Upgrading gpu-operator on Rancher RKE2 results in nvidia-container-toolkit-daemonset failing to initialize

NVIDIA / gpu-operator

NVIDIA GPU Operator creates, configures, and manages GPUs in Kubernetes

https://docs.nvidia.com/datacenter/cloud-native/gpu-operator/latest/index.html

Apache License 2.0

1.86k stars 303 forks source link

Upgrading gpu-operator on Rancher RKE2 results in nvidia-container-toolkit-daemonset failing to initialize #1099

Closed nikito closed 3 weeks ago

nikito commented 3 weeks ago

When upgrading to latest gpu-operator v24.9.0, when the nvidia-container-toolkit-daemonset fails to initialize with the following error: level=error msg="error running nvidia-toolkit: unable to determine runtime options: unable to load containerd config: failed to load config: failed to run command chroot [/host containerd config dump]: exit status 127"

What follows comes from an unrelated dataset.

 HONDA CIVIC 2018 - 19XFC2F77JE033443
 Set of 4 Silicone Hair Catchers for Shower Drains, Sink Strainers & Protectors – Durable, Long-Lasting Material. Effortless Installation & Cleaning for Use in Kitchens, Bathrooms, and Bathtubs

If I rollback to v24.6.2 everything initializes correctly.

nikito commented 3 weeks ago

Closing issue, not sure what I did but I uninstalled the operator, then reinstalled 24.9.0 from scratch and everything appears to be working now.

jwindhager commented 2 weeks ago

I can confirm the issue. Running v24.9.0 in K3S/Flux on Ubuntu 24.04 LTS with driver 535. Rollback to v24.6.2 fixes the issue. Unlike @nikito, I did not manage to upgrade to v24.9.0 after the rollback (tried uninstalling & reinstalling from scratch). Staying with v24.6.2 for now.